Exercise inputs
______________________________
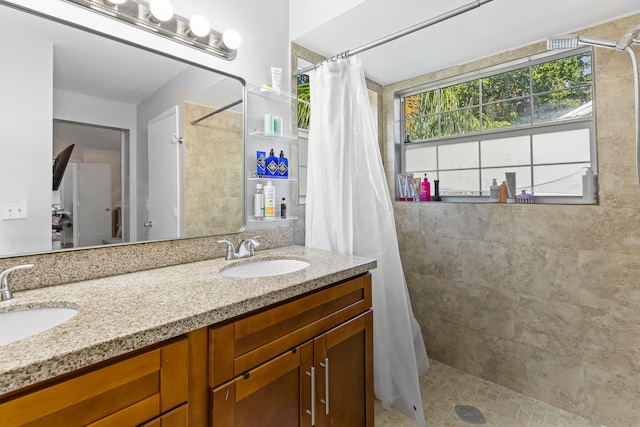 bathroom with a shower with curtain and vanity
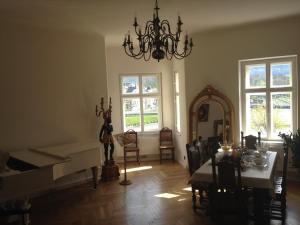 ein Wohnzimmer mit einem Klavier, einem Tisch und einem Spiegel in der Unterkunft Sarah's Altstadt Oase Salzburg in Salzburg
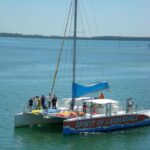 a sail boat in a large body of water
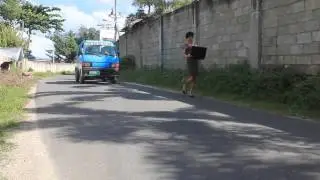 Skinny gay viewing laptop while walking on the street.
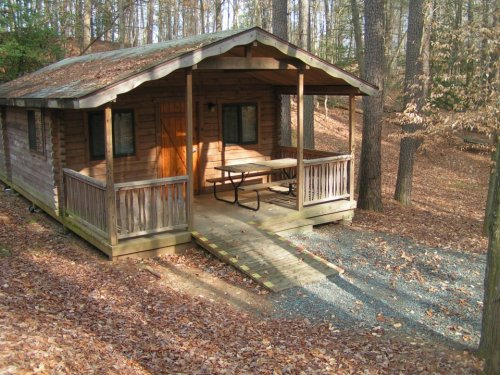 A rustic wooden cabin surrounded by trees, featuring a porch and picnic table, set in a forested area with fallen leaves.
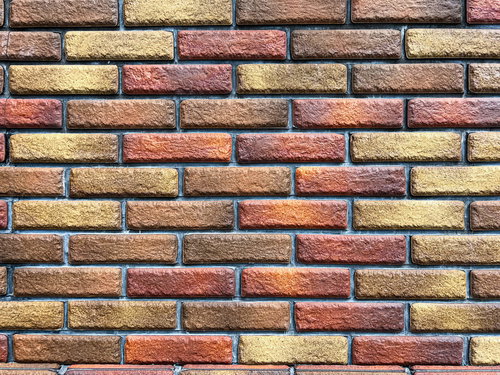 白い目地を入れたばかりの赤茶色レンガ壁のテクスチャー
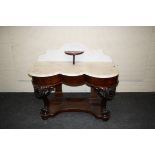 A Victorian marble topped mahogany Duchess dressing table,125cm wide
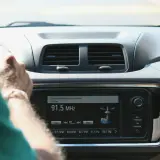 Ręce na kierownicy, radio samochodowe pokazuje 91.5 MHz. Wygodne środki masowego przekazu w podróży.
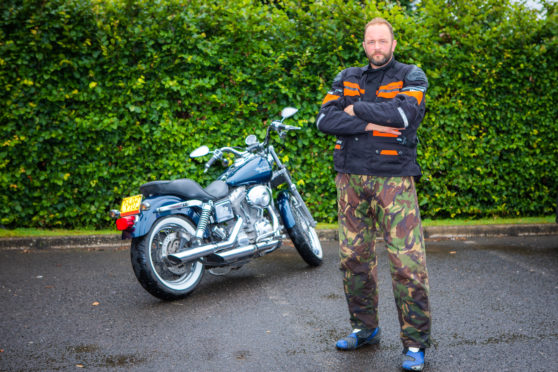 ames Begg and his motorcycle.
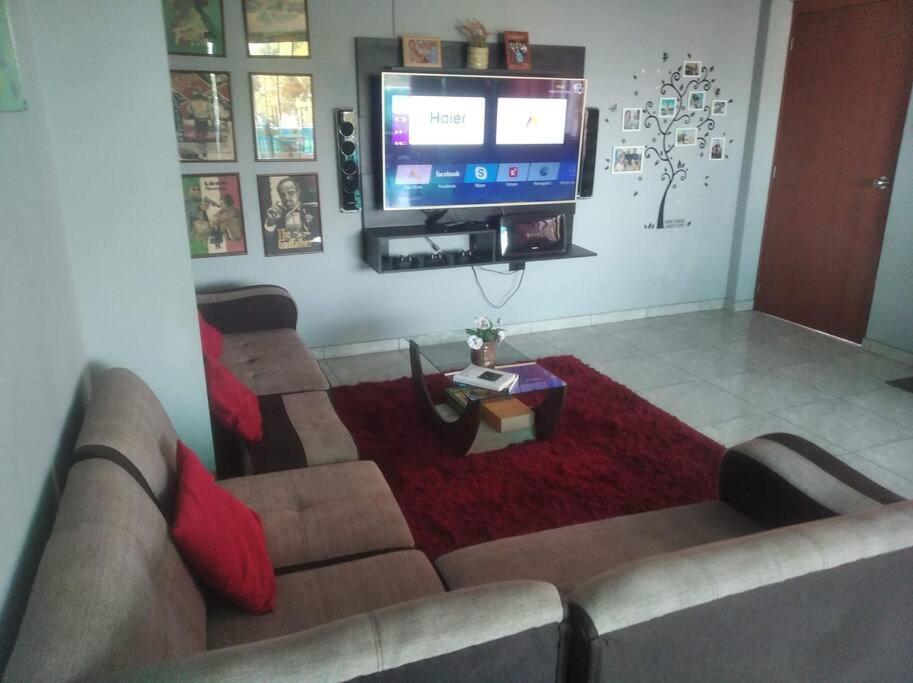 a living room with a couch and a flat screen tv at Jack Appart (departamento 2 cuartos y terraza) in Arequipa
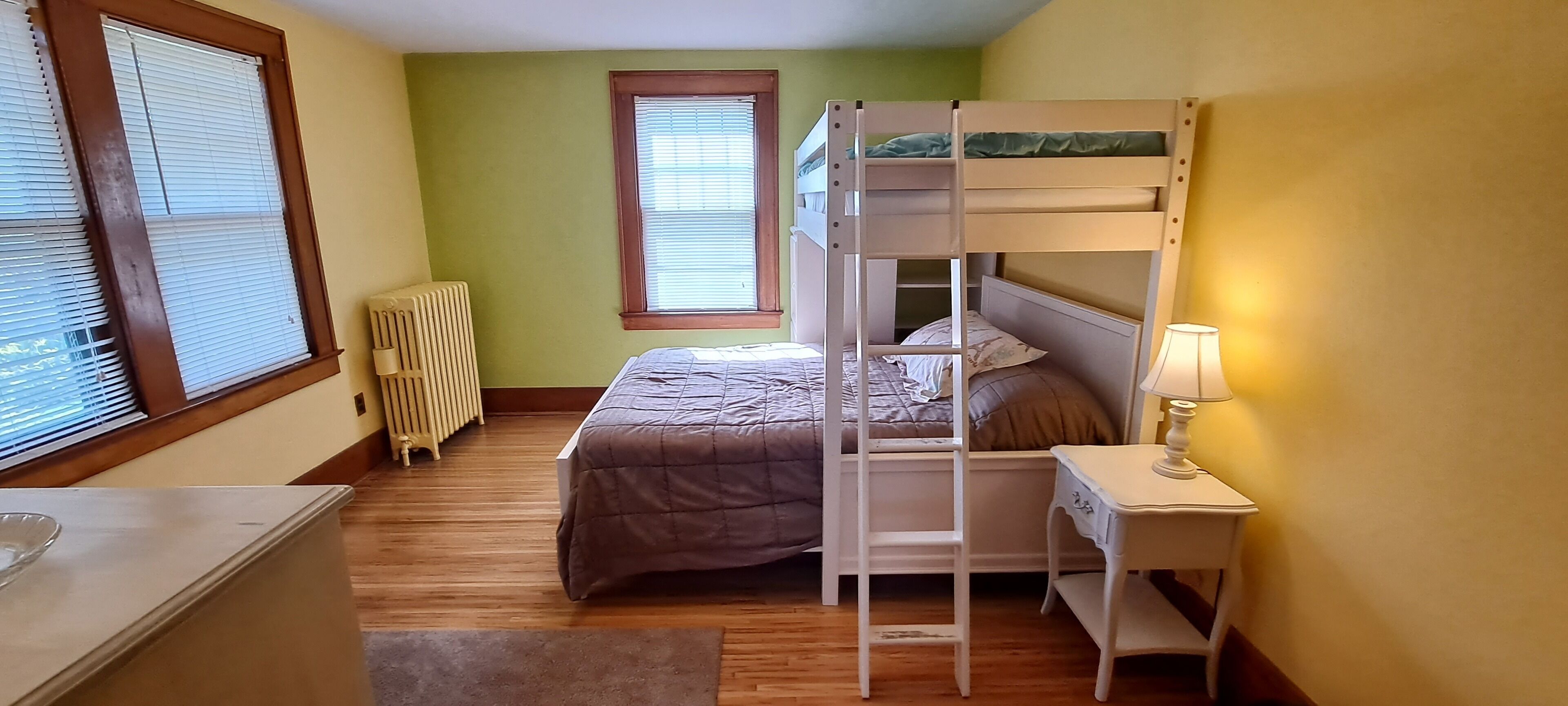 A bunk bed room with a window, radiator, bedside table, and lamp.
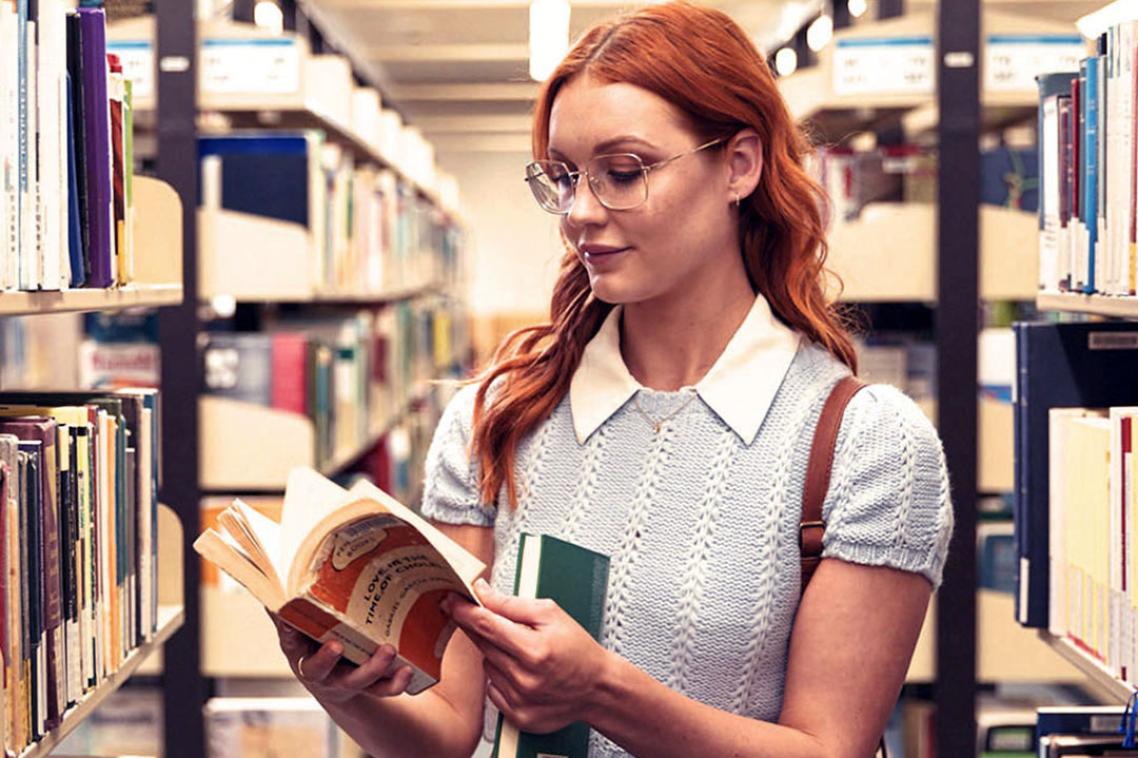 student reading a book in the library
______________________________
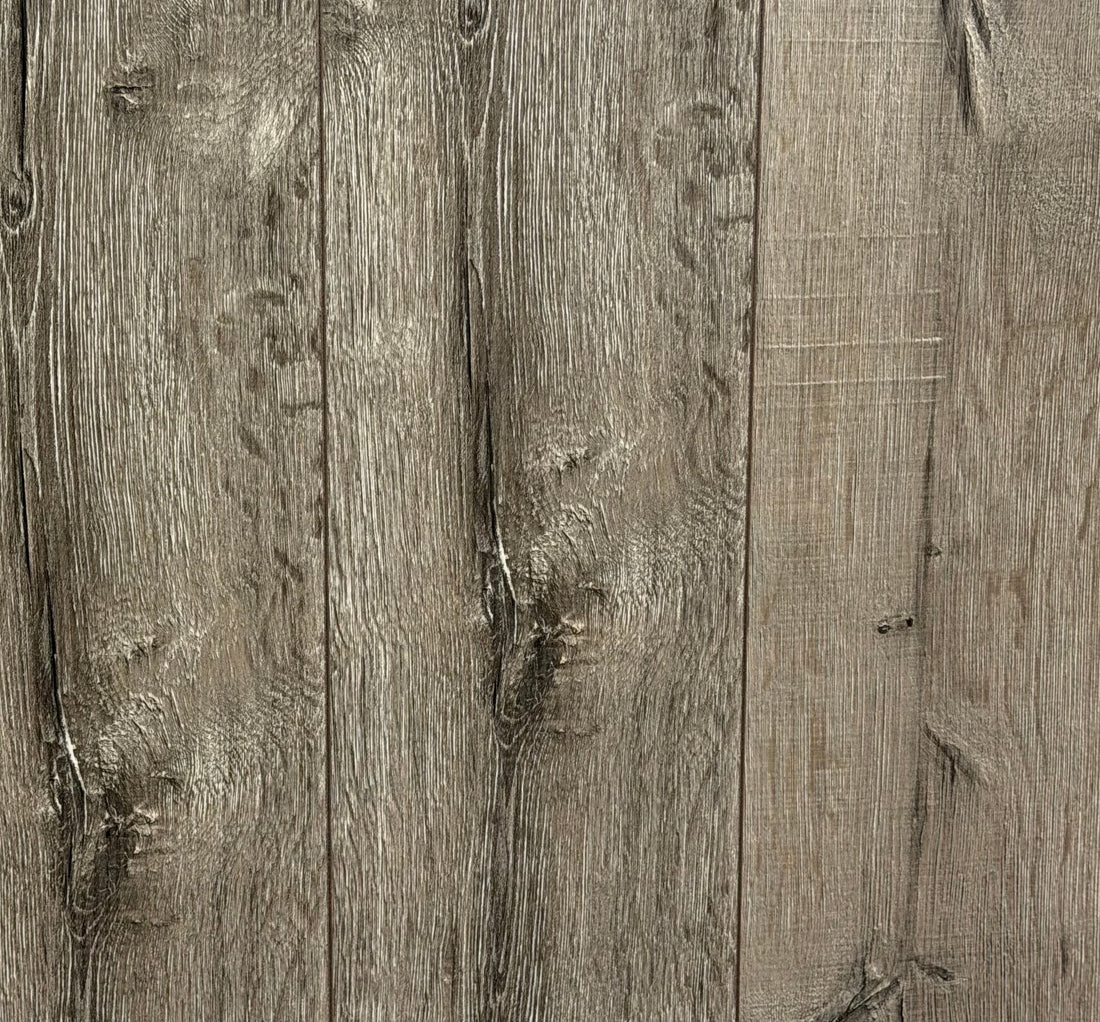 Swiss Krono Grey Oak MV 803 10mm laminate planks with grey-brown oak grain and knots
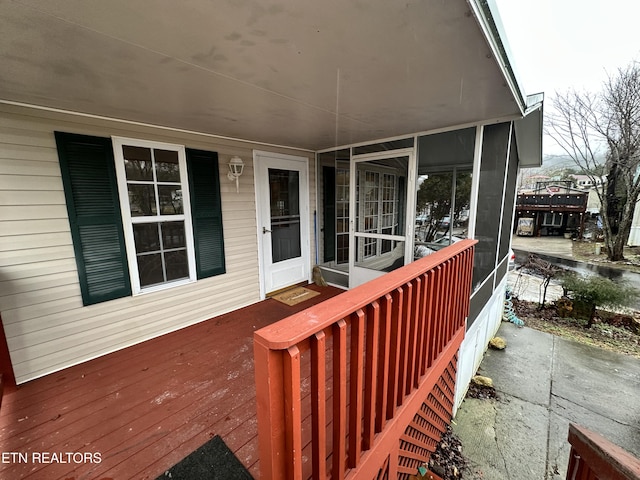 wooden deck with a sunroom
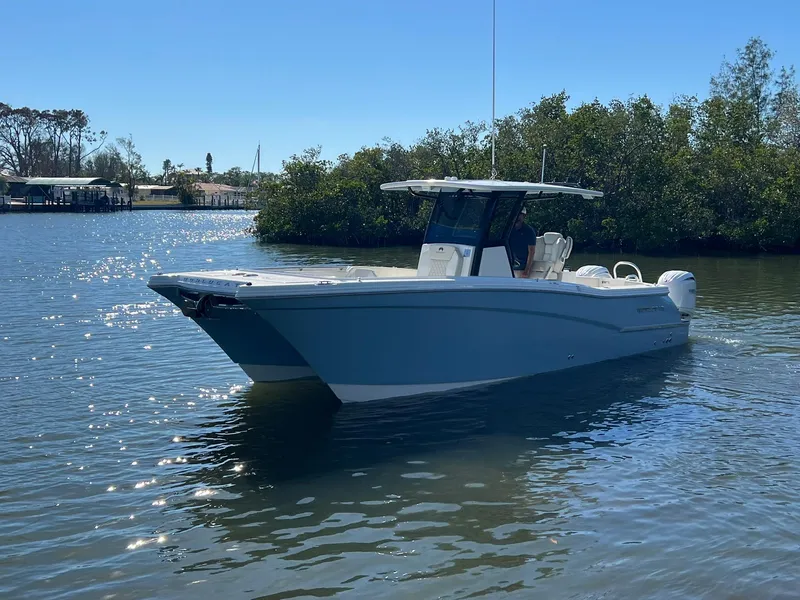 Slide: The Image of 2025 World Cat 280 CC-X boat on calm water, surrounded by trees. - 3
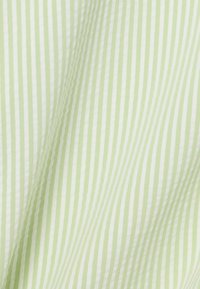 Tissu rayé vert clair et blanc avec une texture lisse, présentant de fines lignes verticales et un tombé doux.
______________________________
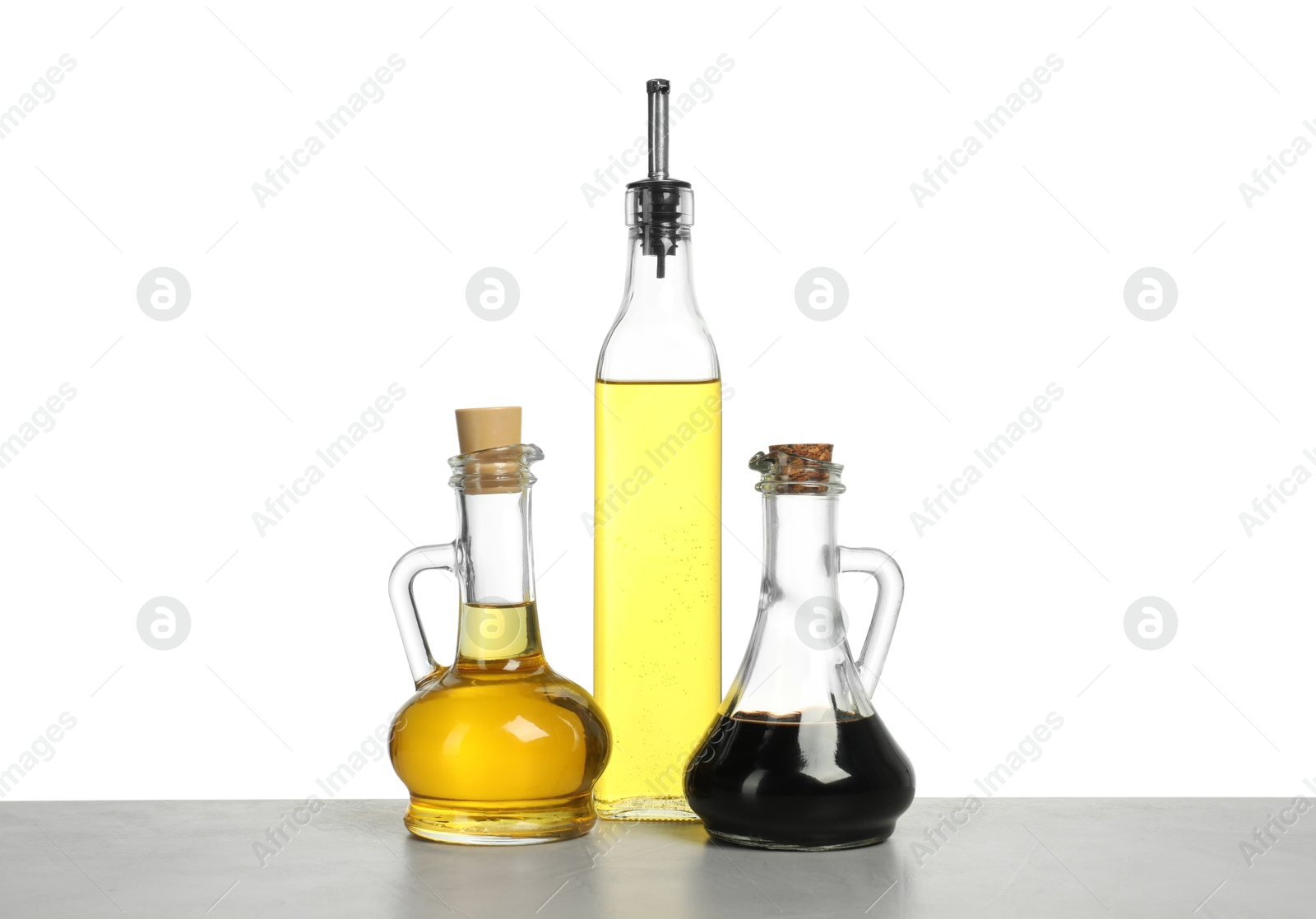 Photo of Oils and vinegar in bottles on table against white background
______________________________
Prompt
Copy exactly the lines of the entries above from the one containing "ames Begg and his motorcycle." through the one containing "student reading a book in the library". Both end lines count; pictures do not.

Solution for this task
 ames Begg and his motorcycle.
 a living room with a couch and a flat screen tv at Jack Appart (departamento 2 cuartos y terraza) in Arequipa
 A bunk bed room with a window, radiator, bedside table, and lamp.
 student reading a book in the library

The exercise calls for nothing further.